2. Using a GRanges object in shiny.gosling
GRanges.Rmd
Call required libraries.
require(shiny.gosling)
require(shiny)
require(GenomicRanges)
Getting a sample data for the GRanges object
We will be loading the peaks data from ChipSeq dataset with the GEO accession GSM1295076
GSM1295076_CBX6_BF_ChipSeq_mergedReps_peaks.bed.gz
file
will be used to create a sample GRanges object.
url <- "https://rb.gy/7y3fx"
temp_file <- file.path(tempdir(), "data.gz")

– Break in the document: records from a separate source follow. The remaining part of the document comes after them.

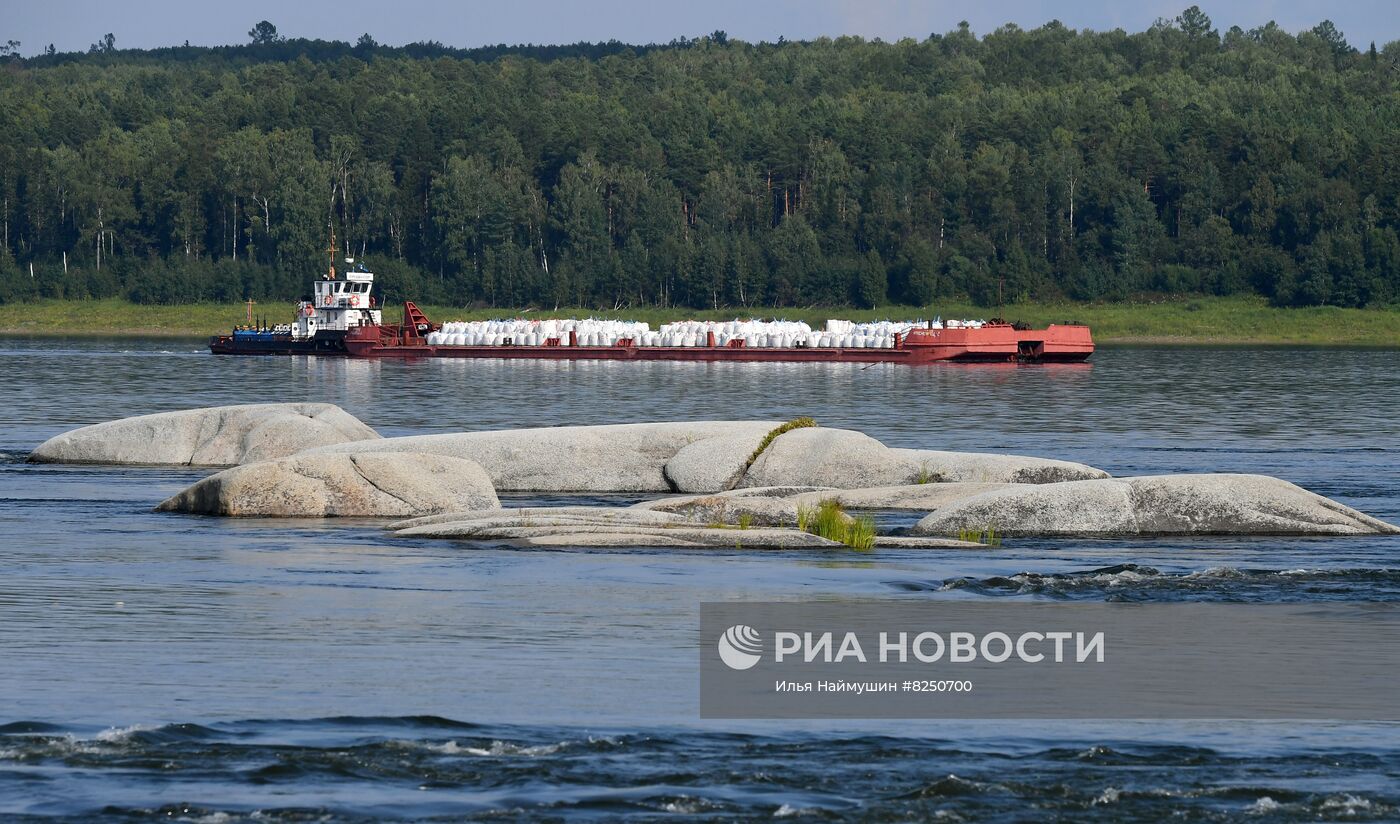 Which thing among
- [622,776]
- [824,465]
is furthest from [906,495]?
[622,776]

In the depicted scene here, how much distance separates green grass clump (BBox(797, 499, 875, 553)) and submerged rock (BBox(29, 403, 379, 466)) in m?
11.2

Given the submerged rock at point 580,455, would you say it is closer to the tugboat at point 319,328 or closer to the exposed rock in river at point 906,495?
the exposed rock in river at point 906,495

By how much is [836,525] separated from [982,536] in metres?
1.91

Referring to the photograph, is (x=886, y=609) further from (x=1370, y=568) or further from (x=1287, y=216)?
(x=1287, y=216)

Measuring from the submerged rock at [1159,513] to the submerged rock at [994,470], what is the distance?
14.1 ft

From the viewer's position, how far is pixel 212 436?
37.7 meters

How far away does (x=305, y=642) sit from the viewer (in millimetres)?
18641

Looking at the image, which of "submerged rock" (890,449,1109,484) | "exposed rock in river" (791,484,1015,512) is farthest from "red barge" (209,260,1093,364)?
"exposed rock in river" (791,484,1015,512)

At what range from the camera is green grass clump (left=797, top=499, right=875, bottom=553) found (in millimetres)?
25531

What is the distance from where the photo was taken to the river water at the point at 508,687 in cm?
1349

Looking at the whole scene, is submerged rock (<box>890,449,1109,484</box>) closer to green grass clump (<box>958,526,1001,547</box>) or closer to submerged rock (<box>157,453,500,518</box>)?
green grass clump (<box>958,526,1001,547</box>)

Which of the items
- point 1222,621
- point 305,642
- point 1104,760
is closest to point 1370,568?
point 1222,621

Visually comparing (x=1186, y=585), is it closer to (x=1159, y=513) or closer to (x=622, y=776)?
(x=1159, y=513)

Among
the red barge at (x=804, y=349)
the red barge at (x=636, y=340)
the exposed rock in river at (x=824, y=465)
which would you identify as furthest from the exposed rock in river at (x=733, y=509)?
the red barge at (x=636, y=340) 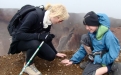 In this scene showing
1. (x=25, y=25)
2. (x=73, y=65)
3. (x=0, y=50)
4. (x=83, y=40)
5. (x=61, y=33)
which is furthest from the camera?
(x=0, y=50)

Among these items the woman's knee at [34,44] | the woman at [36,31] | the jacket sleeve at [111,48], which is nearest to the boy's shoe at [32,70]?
the woman at [36,31]

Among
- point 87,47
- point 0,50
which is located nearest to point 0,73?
point 87,47

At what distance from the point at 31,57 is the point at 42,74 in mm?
262

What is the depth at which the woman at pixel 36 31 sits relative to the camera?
244 centimetres

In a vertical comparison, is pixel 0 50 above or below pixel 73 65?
below

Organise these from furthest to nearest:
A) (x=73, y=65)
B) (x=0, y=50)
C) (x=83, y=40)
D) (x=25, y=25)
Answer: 1. (x=0, y=50)
2. (x=73, y=65)
3. (x=83, y=40)
4. (x=25, y=25)

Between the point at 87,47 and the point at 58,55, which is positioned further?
the point at 58,55

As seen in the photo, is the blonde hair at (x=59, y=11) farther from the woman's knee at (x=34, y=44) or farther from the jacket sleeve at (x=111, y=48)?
the jacket sleeve at (x=111, y=48)

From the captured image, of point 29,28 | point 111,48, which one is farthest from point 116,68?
point 29,28

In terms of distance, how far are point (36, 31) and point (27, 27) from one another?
17 centimetres

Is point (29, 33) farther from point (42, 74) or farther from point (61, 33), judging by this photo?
point (61, 33)

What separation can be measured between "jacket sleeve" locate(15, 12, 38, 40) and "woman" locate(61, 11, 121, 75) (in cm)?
54

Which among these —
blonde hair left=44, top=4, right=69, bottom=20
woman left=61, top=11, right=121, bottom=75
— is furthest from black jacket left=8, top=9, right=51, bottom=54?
woman left=61, top=11, right=121, bottom=75

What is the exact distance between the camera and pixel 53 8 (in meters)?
2.47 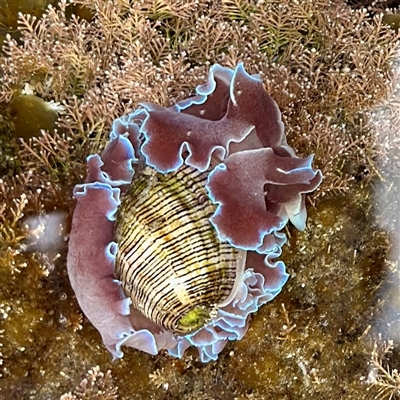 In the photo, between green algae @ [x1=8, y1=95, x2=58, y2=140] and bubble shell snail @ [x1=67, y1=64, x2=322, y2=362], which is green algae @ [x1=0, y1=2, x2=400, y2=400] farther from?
bubble shell snail @ [x1=67, y1=64, x2=322, y2=362]

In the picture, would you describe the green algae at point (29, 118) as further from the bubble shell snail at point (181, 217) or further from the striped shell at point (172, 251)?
the striped shell at point (172, 251)

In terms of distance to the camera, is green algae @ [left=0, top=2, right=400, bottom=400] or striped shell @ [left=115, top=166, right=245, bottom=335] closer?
striped shell @ [left=115, top=166, right=245, bottom=335]

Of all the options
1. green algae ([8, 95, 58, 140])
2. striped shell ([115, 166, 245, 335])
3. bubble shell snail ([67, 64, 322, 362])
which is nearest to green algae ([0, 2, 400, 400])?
green algae ([8, 95, 58, 140])

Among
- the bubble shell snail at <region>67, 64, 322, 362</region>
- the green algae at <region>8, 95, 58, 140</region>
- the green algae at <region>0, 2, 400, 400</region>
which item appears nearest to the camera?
the bubble shell snail at <region>67, 64, 322, 362</region>

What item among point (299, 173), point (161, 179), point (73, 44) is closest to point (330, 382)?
point (299, 173)

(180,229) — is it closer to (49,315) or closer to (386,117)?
(49,315)

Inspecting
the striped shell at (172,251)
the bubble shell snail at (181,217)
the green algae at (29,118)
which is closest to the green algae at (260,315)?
the green algae at (29,118)

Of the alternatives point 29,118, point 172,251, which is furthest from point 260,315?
point 29,118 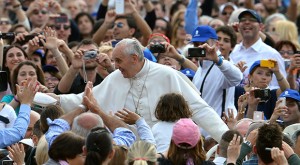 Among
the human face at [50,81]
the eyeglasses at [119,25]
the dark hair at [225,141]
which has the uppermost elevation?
the eyeglasses at [119,25]

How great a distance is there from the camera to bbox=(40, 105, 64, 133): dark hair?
12102 mm

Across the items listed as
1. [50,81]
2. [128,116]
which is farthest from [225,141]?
[50,81]

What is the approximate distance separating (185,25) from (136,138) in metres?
5.75

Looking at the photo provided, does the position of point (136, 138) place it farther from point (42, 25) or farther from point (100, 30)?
point (42, 25)

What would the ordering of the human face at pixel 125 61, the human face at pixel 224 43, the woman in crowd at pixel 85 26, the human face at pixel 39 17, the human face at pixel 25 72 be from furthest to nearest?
the woman in crowd at pixel 85 26
the human face at pixel 39 17
the human face at pixel 224 43
the human face at pixel 25 72
the human face at pixel 125 61

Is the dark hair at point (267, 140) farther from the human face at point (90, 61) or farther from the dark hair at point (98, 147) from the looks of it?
the human face at point (90, 61)

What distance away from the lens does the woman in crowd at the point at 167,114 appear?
471 inches

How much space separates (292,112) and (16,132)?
12.7 feet

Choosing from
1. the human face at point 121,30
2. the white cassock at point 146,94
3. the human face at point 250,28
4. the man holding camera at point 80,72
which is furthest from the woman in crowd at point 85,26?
the white cassock at point 146,94

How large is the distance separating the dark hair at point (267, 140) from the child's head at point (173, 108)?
1.42 m

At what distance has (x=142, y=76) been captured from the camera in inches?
508

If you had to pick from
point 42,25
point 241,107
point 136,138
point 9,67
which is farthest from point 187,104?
point 42,25

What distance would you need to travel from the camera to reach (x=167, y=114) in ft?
39.3

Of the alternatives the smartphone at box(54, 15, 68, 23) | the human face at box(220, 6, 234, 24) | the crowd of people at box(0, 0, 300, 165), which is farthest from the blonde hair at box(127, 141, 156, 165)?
the human face at box(220, 6, 234, 24) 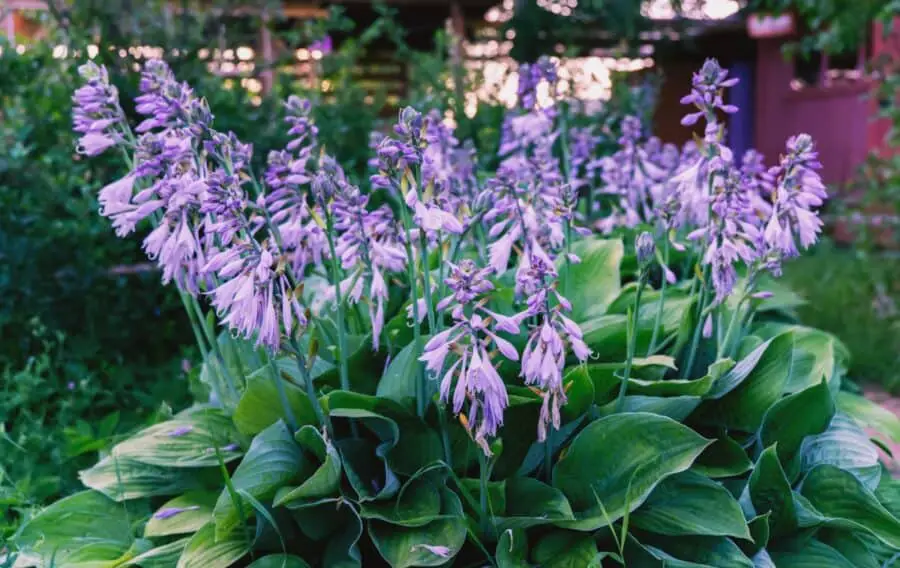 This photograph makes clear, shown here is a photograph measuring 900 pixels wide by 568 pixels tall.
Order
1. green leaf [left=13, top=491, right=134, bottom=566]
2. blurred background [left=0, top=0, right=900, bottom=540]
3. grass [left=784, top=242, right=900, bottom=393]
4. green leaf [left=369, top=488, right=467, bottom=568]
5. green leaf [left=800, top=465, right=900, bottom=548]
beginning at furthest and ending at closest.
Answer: grass [left=784, top=242, right=900, bottom=393]
blurred background [left=0, top=0, right=900, bottom=540]
green leaf [left=13, top=491, right=134, bottom=566]
green leaf [left=800, top=465, right=900, bottom=548]
green leaf [left=369, top=488, right=467, bottom=568]

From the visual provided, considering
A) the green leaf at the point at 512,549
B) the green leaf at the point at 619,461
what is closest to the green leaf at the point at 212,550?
the green leaf at the point at 512,549

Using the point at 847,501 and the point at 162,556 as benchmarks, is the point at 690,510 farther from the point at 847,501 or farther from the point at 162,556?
the point at 162,556

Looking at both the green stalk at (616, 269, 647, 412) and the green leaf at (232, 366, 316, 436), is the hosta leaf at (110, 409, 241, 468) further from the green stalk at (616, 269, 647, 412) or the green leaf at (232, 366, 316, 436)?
the green stalk at (616, 269, 647, 412)

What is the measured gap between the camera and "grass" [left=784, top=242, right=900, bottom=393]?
451 cm

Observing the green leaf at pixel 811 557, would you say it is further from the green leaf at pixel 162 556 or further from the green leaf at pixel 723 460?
the green leaf at pixel 162 556

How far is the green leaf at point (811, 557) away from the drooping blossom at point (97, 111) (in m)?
1.67

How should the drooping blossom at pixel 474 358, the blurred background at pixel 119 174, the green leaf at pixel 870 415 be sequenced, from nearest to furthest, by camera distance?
the drooping blossom at pixel 474 358, the green leaf at pixel 870 415, the blurred background at pixel 119 174

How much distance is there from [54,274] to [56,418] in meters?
0.65

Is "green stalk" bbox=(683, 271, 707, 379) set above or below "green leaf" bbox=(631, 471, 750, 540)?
above

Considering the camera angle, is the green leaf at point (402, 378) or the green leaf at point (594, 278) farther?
the green leaf at point (594, 278)

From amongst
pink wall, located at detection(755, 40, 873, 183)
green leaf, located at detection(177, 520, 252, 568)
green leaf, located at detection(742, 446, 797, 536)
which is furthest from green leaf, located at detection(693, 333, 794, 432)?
pink wall, located at detection(755, 40, 873, 183)

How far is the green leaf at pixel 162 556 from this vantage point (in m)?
1.82

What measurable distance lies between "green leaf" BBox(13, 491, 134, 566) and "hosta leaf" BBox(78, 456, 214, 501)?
5cm

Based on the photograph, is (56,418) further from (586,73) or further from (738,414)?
(586,73) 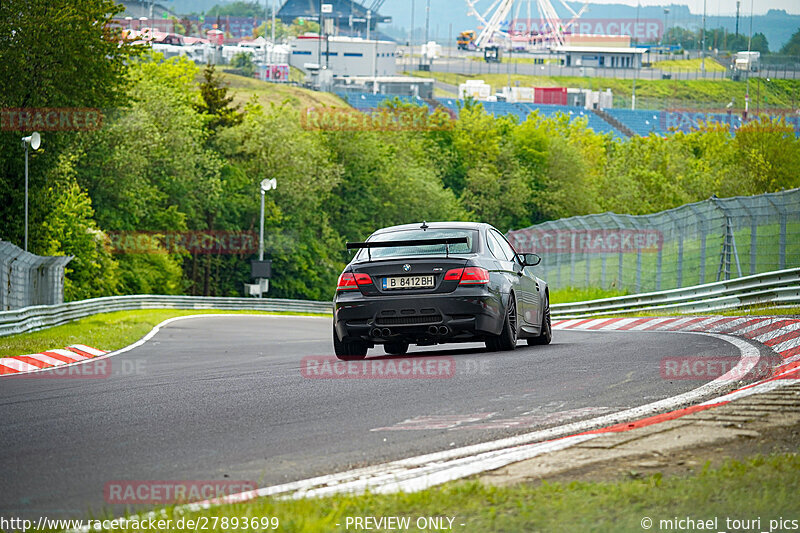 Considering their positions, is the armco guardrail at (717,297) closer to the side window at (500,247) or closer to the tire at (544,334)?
the tire at (544,334)

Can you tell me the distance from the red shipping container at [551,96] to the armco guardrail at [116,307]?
104 m

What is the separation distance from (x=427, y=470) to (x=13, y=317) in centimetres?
1943

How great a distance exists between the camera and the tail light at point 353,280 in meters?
12.2

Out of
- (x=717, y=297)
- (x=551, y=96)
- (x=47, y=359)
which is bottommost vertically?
(x=47, y=359)

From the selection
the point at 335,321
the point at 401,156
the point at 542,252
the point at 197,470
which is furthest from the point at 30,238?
the point at 401,156

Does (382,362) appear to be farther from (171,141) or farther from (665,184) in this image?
(665,184)

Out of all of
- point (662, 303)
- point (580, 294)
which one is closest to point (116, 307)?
point (580, 294)

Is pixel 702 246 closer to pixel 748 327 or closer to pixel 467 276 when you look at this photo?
pixel 748 327

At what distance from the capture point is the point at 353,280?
1224 centimetres

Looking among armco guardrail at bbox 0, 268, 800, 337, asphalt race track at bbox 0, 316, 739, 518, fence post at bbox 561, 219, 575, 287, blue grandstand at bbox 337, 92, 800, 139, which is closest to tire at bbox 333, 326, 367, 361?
asphalt race track at bbox 0, 316, 739, 518

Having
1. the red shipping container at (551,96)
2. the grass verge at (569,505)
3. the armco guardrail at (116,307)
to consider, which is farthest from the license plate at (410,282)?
the red shipping container at (551,96)

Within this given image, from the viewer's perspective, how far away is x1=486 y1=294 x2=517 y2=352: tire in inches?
499

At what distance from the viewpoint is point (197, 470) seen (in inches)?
248

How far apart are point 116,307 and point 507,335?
97.9 feet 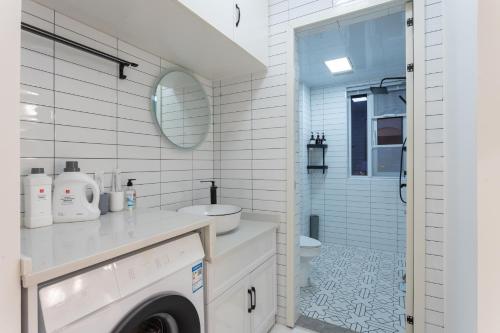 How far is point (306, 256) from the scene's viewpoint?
229 cm

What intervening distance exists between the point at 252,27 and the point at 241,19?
0.14 m

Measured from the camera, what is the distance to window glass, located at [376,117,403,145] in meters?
3.32

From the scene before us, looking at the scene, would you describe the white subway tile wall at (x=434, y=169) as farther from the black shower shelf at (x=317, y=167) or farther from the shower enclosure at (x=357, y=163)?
the black shower shelf at (x=317, y=167)

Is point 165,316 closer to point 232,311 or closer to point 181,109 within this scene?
point 232,311

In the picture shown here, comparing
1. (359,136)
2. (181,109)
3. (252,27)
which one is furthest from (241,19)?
(359,136)

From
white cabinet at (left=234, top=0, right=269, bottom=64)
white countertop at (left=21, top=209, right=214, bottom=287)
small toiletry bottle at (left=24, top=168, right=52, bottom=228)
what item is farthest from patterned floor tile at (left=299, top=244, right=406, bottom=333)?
white cabinet at (left=234, top=0, right=269, bottom=64)

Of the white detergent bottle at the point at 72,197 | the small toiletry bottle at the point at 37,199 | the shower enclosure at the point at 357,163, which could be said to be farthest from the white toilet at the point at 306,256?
the small toiletry bottle at the point at 37,199

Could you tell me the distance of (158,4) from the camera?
1.06 m

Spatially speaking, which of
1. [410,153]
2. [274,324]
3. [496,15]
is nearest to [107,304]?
[496,15]

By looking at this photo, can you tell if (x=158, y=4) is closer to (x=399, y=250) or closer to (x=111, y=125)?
(x=111, y=125)

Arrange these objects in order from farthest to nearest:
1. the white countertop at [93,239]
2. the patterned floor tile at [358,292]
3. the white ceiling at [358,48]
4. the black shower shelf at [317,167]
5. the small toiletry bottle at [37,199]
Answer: the black shower shelf at [317,167] → the white ceiling at [358,48] → the patterned floor tile at [358,292] → the small toiletry bottle at [37,199] → the white countertop at [93,239]

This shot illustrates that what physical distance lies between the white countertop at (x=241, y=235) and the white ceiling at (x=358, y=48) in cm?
144

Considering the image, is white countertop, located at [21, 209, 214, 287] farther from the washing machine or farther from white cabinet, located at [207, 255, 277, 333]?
white cabinet, located at [207, 255, 277, 333]

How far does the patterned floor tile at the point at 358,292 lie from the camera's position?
1872mm
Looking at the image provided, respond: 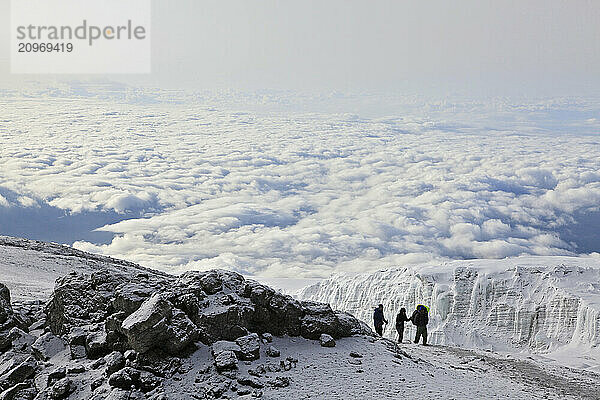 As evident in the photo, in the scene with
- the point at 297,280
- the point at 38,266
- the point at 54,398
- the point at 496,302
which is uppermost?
the point at 54,398

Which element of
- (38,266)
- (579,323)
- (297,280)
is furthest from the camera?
(297,280)

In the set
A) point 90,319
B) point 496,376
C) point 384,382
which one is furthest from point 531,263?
point 90,319

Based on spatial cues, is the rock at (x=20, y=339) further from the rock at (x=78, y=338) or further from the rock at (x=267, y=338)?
the rock at (x=267, y=338)

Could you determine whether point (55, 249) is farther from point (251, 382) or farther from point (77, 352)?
point (251, 382)

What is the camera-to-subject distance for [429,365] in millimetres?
15906

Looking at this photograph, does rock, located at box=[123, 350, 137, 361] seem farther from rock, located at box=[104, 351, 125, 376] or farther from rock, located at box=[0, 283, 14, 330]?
rock, located at box=[0, 283, 14, 330]

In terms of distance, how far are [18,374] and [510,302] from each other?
1448 inches

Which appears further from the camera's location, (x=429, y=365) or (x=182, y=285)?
(x=429, y=365)

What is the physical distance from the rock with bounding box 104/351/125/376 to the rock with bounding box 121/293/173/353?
382 millimetres

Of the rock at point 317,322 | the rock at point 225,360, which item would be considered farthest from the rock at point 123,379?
the rock at point 317,322

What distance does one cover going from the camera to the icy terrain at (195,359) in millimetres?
12539

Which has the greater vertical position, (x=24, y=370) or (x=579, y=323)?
(x=24, y=370)

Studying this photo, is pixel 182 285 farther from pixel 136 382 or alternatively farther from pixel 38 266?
pixel 38 266

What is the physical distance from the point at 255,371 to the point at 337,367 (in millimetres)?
2229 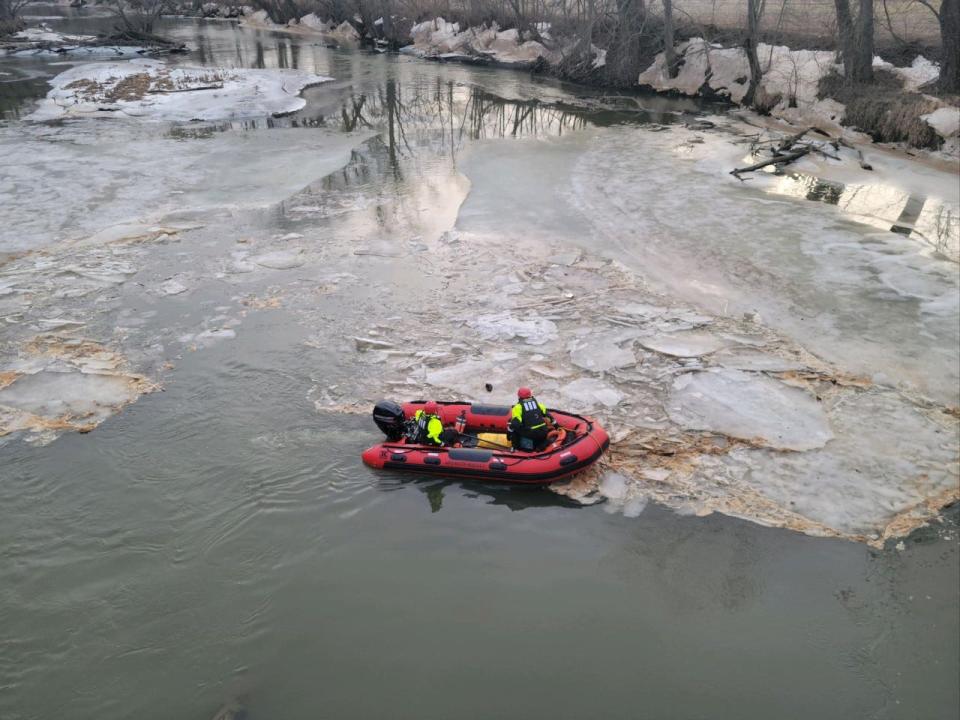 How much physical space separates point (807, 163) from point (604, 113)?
7.29 meters

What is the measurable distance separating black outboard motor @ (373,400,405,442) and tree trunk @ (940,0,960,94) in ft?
51.8

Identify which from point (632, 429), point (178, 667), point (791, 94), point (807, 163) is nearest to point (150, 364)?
point (178, 667)

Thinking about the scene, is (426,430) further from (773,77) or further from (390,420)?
(773,77)

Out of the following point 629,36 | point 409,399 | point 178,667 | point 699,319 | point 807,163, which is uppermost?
point 629,36

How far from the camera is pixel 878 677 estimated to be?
4488 mm

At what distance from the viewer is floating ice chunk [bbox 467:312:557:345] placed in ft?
27.1

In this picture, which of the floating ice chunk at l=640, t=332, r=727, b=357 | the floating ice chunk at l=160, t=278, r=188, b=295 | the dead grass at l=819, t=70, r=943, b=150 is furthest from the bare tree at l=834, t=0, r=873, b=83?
the floating ice chunk at l=160, t=278, r=188, b=295

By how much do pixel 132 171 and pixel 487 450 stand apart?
40.1 feet

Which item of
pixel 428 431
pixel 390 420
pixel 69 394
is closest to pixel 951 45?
pixel 428 431

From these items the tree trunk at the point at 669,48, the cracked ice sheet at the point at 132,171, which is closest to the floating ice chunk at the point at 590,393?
the cracked ice sheet at the point at 132,171

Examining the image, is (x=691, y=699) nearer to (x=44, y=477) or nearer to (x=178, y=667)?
(x=178, y=667)

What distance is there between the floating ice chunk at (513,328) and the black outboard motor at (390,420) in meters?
2.11

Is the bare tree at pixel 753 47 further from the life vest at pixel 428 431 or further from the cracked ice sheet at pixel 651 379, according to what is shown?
the life vest at pixel 428 431

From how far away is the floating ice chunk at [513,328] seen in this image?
8266 millimetres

download.file(url, destfile = temp_file, method = "auto", mode = "wb")
df <- read.delim(
temp_file,
header = FALSE,
comment.char = "#",
sep = ""
)
gr <- GRanges(
seqnames = df$V1,
ranges = IRanges(df$V2, df$V3)
)
gr
#> GRanges object with 1331 ranges and 0 metadata columns:
#> seqnames ranges strand
#> <Rle> <IRanges> <Rle>
#> [1] chr1 815092-817883 *
#> [2] chr1 1243287-1244338 *
#> [3] chr1 2979976-2981228 *
#> [4] chr1 3566181-3567876 *
#> [5] chr1 3816545-3818111 *
#> ... ... ... ...
#> [1327] chrX 135244782-135245821 *
#> [1328] chrX 139171963-139173506 *
#> [1329] chrX 139583953-139586126 *
#> [1330] chrX 139592001-139593238 *
#> [1331] chrY 13845133-13845777 *
#> -------
#> seqinfo: 24 sequences from an unspecified genome; no seqlengths
Using the GRanges object for a plot using shiny.gosling
Method 1 - Using the track_data_gr
function
You can use the track_data_gr
to pass the
GRanges
object inside a track.
Note: Make sure to run the Shiny app using the
shiny::runApp()
rather than interactively running the
shiny::shinyApp()
object.
ui <- fluidPage(
use_gosling(clear_files = FALSE),
goslingOutput("gosling_plot")
)
track_1 <- add_single_track(
width = 800,
height = 180,
data = track_data_gr(
gr, chromosomeField = "seqnames",
genomicFields = c("start", "end")
),
mark = "bar",
x = visual_channel_x(
field = "start", type = "genomic", axis = "bottom"
),
xe = visual_channel_x(field = "end", type = "genomic"),
y = visual_channel_y(
field = "width", type = "quantitative", axis = "right"
),
size = list(value = 5)
)
composed_view <- compose_view(
layout = "linear",
tracks = track_1
)
arranged_view <- arrange_views(
title = "Basic Marks: bar",
subtitle = "Tutorial Examples",
views = composed_view
)
server <- function(input, output, session) {
output$gosling_plot <- renderGosling({
gosling(
component_id = "component_1",
arranged_view
)
})
}
shiny::shinyApp(ui, server)
Method 2 - Using the track_data_csv
function
You can save the GRanges
object as a csv
file inside the www directory which can be used in the shiny.gosling
plot.
if (!dir.exists("data")) {
dir.create("data")
}
utils::write.csv(gr, "data/ChipSeqPeaks.csv", row.names = FALSE)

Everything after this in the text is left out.